Prod Co: Egg Pictures. Int'l sales: Universal. US dist: USA Films. Prods: Keith Gordon, Stuart Kleinman, Linda Reisman. Exec prod: Jodie Foster. Scr: Robert Dillon from the novel by Scott Spencer. DoP: Tom Richmond. Prod des: Zoe Sakellaropoulo. Ed: Jeff Wishengrad. Mus: tomandandy. Main cast: Billy Crudup, Jennifer Connelly, Molly Parker, Janet McTeer, Hal Halbrook.
Director Keith Gordon has a reputation for making distinctive, critically admired features that often fail to find the audience they deserve. Despite some very touching elements, Waking The Dead seems likely to continue that trend. A pungent love story, its sophisticated, time-shuffling construction is distracting and its unresolved narrative elements work against its considerable emotional pull. The result may frustrate mainstream audiences rather than capture their hearts.

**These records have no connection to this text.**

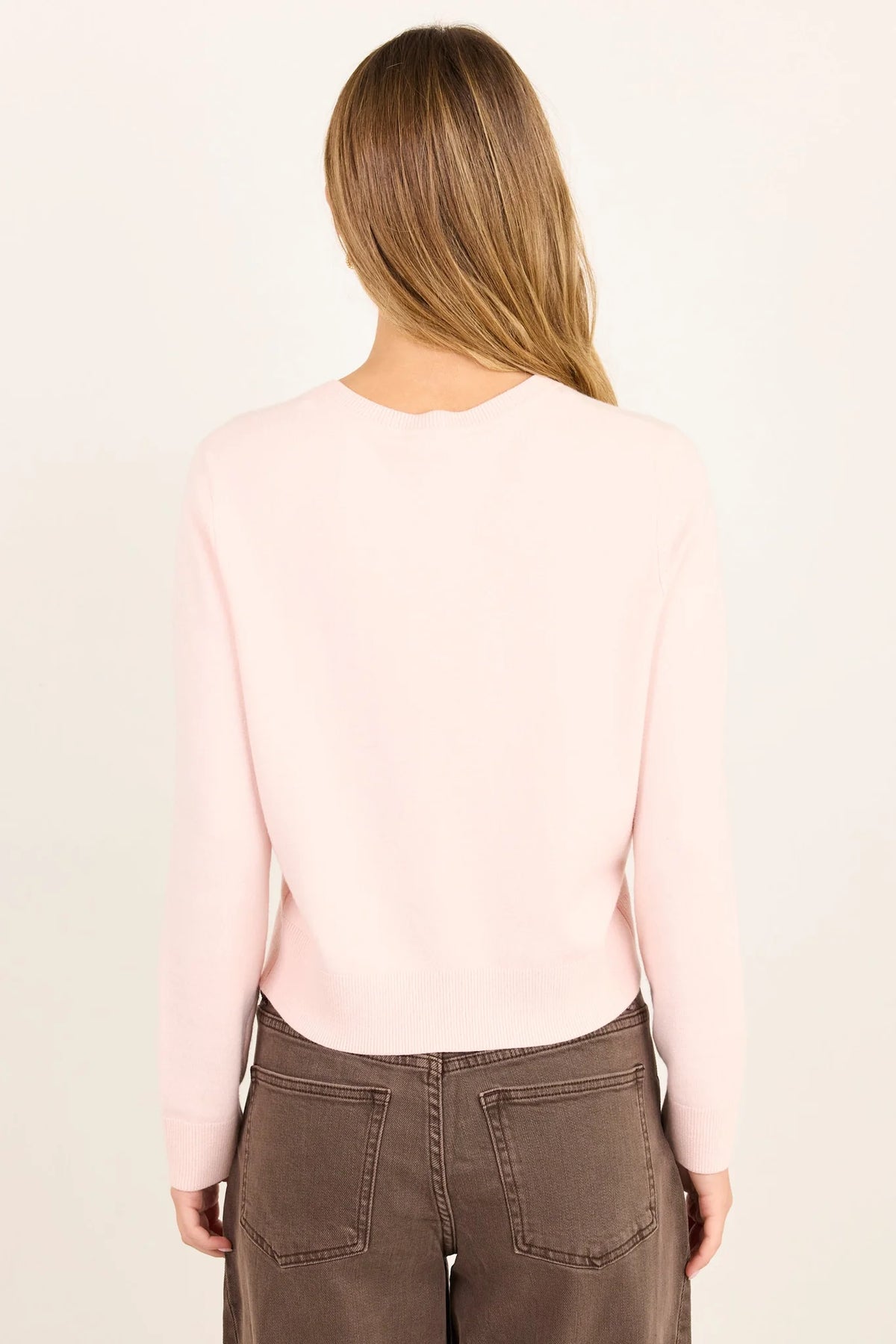 Autograph Blush Soft Fine Gauge Crewneck Cardigan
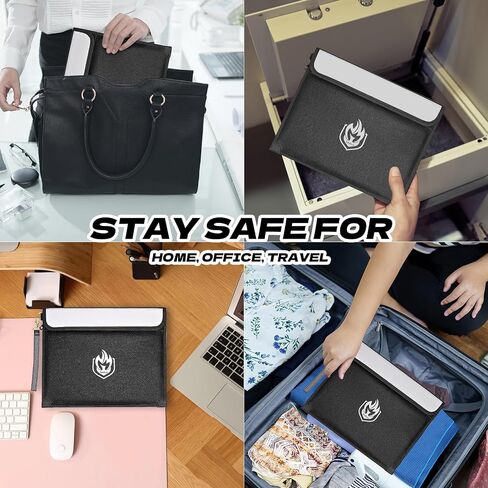 2 جيوب حقيبة وثيقة مقاومة للحريق 6200 درجة فهرنهايت ، 10 طبقات مقاومة للماء حقيبة أموال مقاومة للحريق نقدا مع شريط عاكس ، حقيبة حامل مستندات ماء معزولة الحرارة ، تخزين آمن النار ، 14.7 "× 11.2" in Kuwait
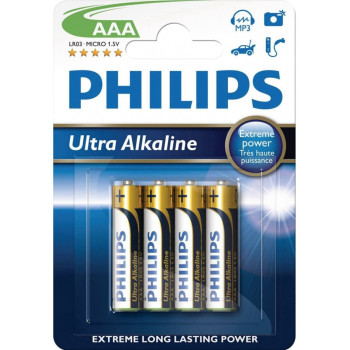 PHILIPS PILA(AAA) ULTRA ALKALINA C/4PILA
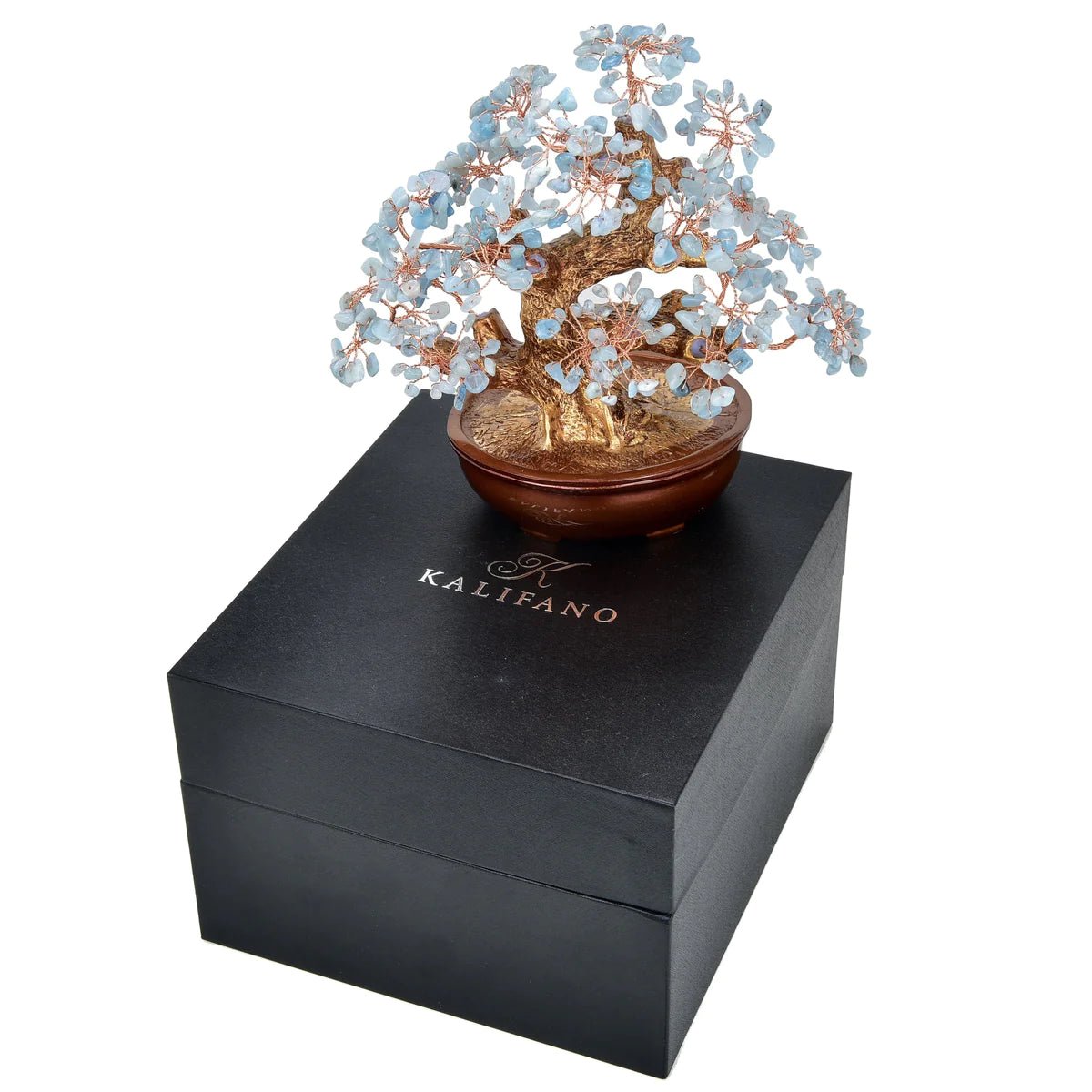 Aquamarine Tree of Life with 360 Natural Gemstones - Xformerz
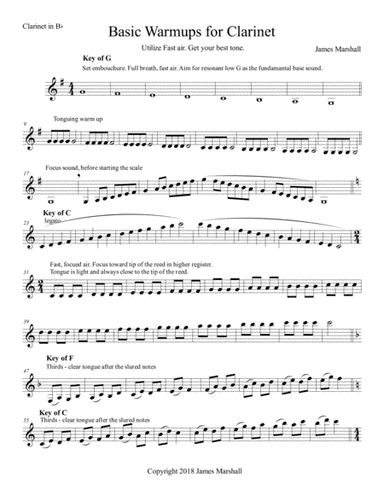 Basic Warmups for Clarinet and Tonguing Exercises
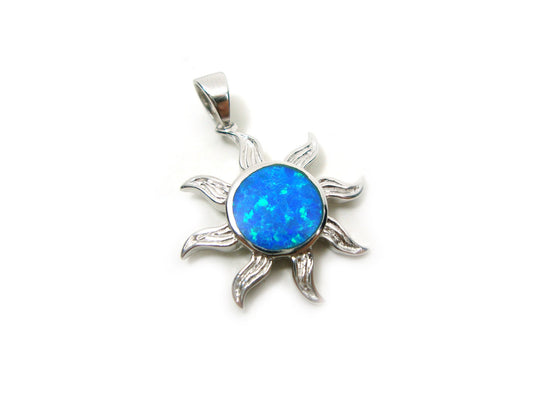 Sterling Silver 925 Sun Soleil Fire Blue Opal Cross Pendant 20mm, Sun Blue Opal Pendant, Griechisches Opal Anhanger, Sun Sonne Soleil Sole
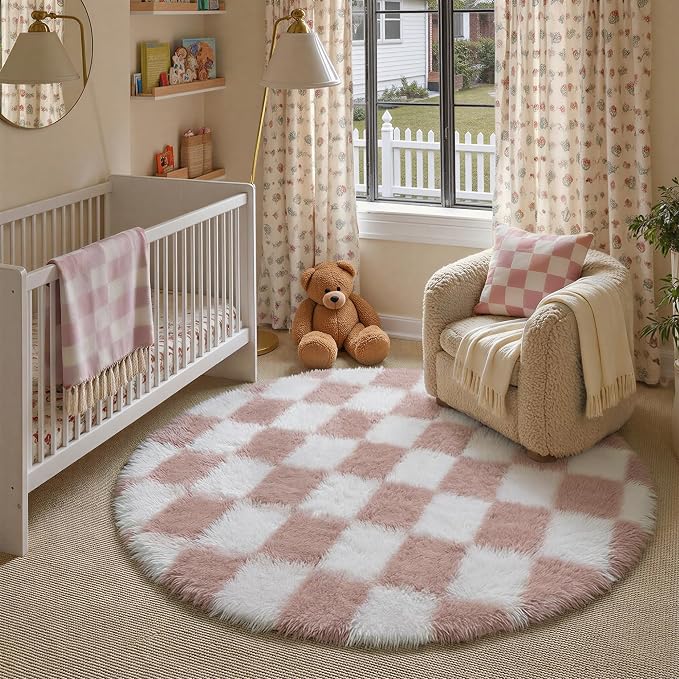 Pink Round Rug 6ft for Bedroom Soft Fluffy Checkered Shag Carpet | Machine by PureCozy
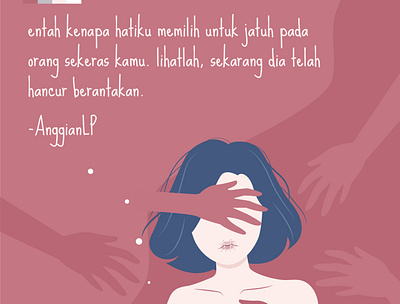 Indonesian Poem Art Illustration (can't talk about his feeling)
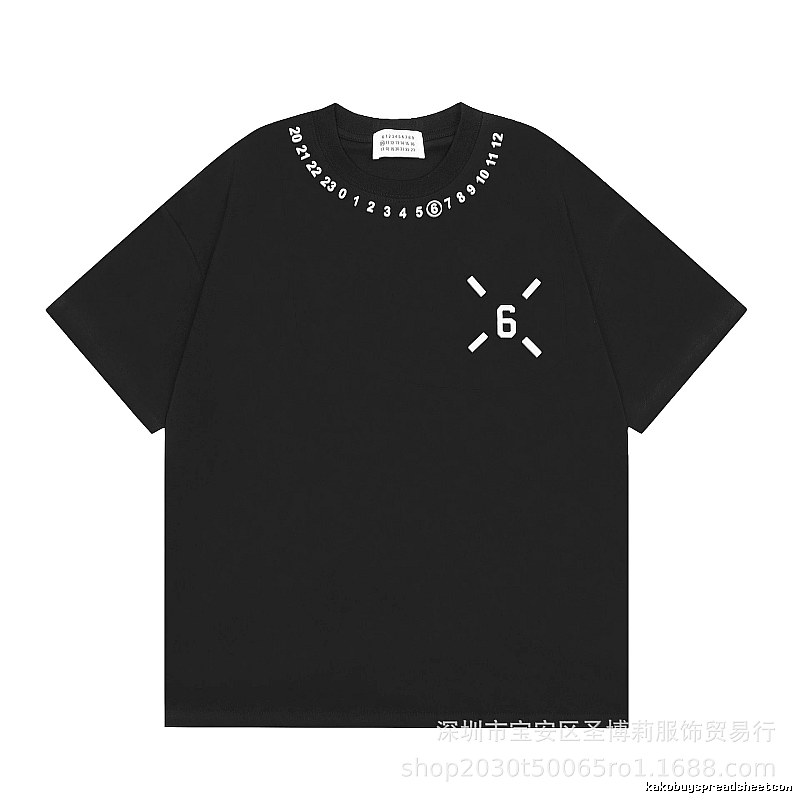 Maison Margiela MM6 Streetwear Style Black Short-sleeve T-shirt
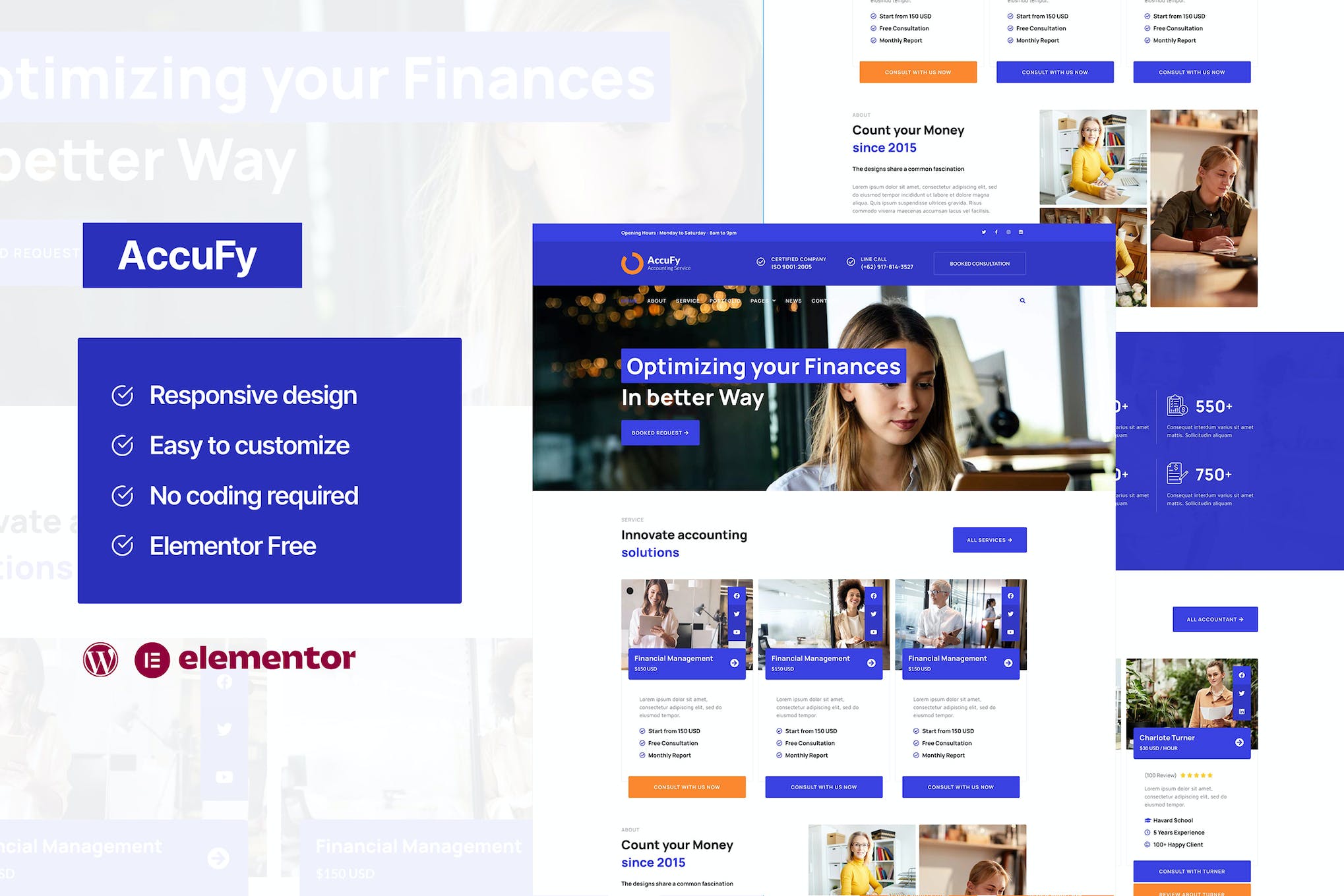 Accufy - Accounting Consultant Service Elementor Template Kit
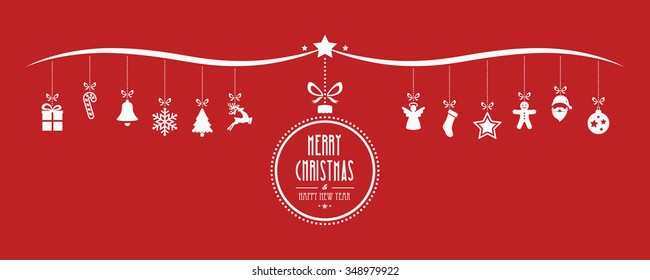 merry christmas bauble decoration elements red background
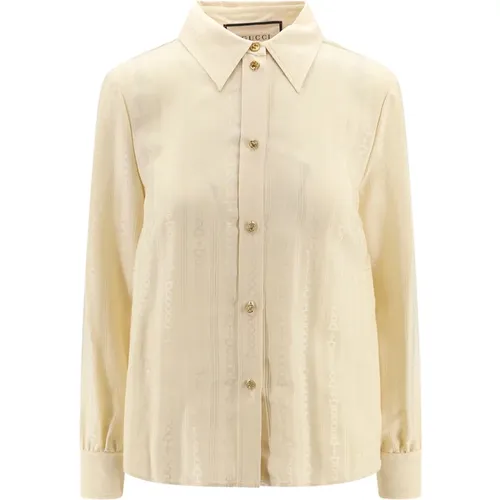 Silk Shirt with GG Buttons , female, Sizes: S - Gucci - Modalova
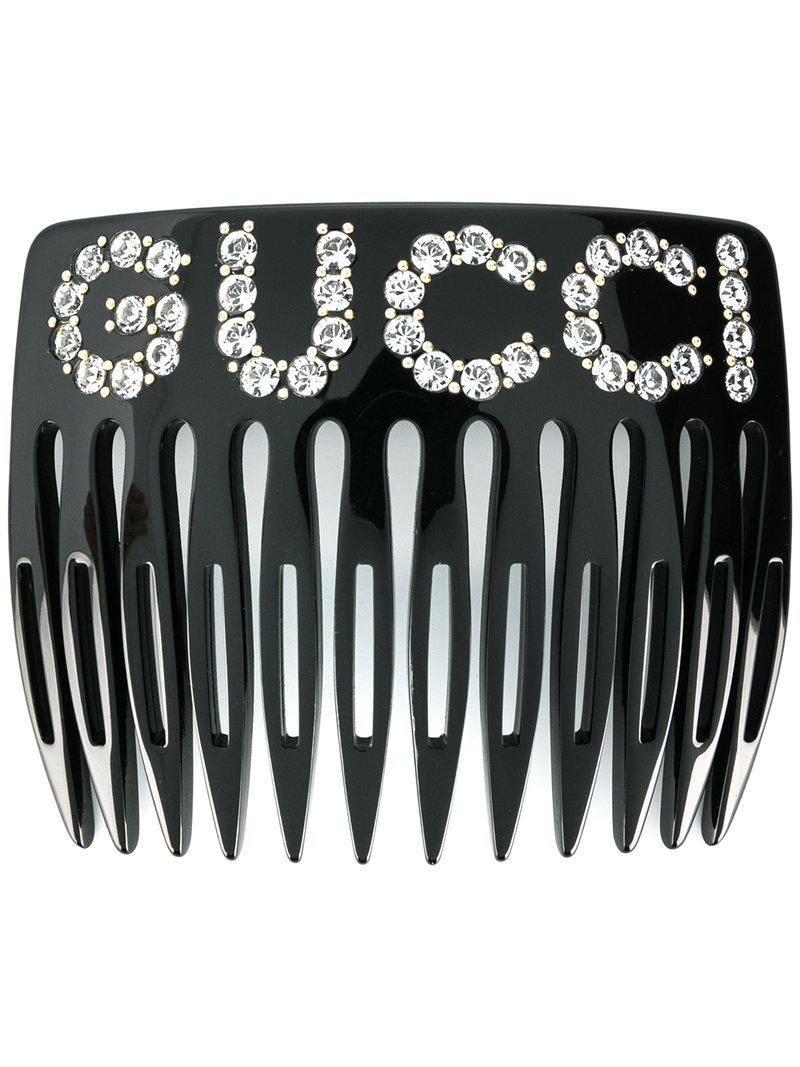 Gucci Crystal Hair Comb in Black | Lyst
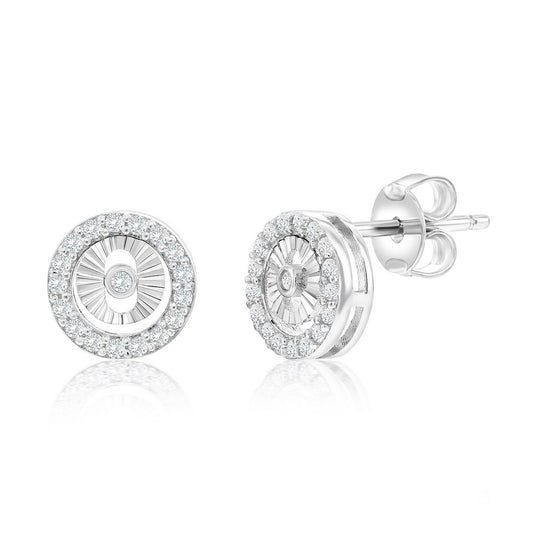 Exclusively Silver CZ Border Stud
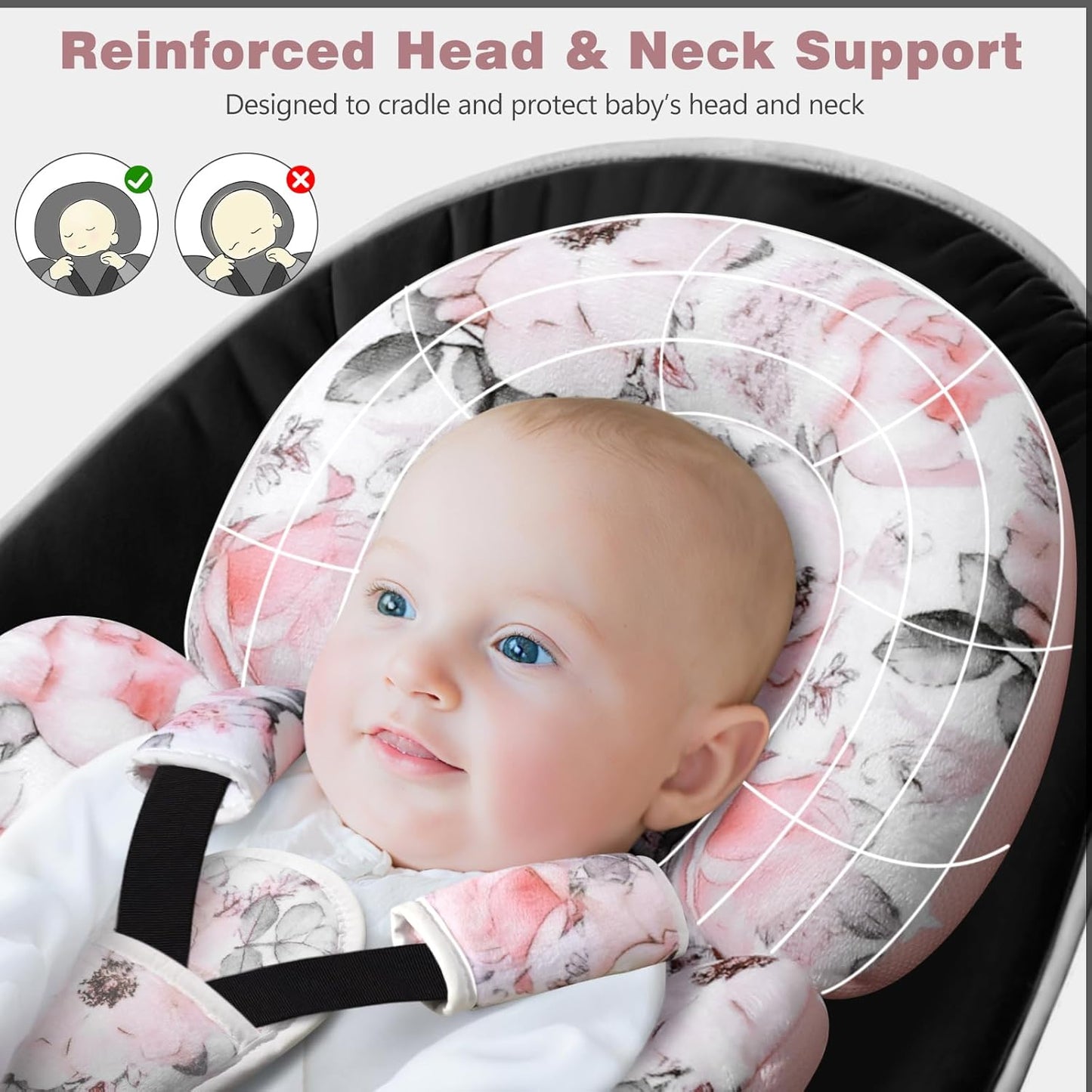 [Upgraded] Infant Car Seat Insert & Newborn Head Support, 3 Strap Covers + Reversible 2-in-1 Design – All Seasons Baby Car Seat Cushion for Stroller, Swing, Rocker, Bassinets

Travelling between the early 1970s and the early 1980s, the film recounts the attraction that overwhelms ambitious youngster Fielding Pierce (Crudup) and social activist Sarah (Connelly). Despite significant political differences, their love grows but is tragically curtailed by her death in a car-bombing incident. Eight years later, Pierce is dutifully fulfilling his destiny as an aspiring Congressman yet remains haunted by his past love. As the campaign progresses, he hears Sarah's voice, senses her presence and begins to doubt that she is truly dead.
Whilst unusual in its desire to focus on the clash between idealism and compromise in American politics, Waking The Dead is at its strongest depicting a love that transcends all barriers of time and temperament. Even if Sarah is merely a ghost from the past, it is clear that she represents the best of what Fielding felt his life might be. Between them, Crudup and Connelly conjure a palpable chemistry that reinforces the tender ache of loss that runs through this heartfelt effort.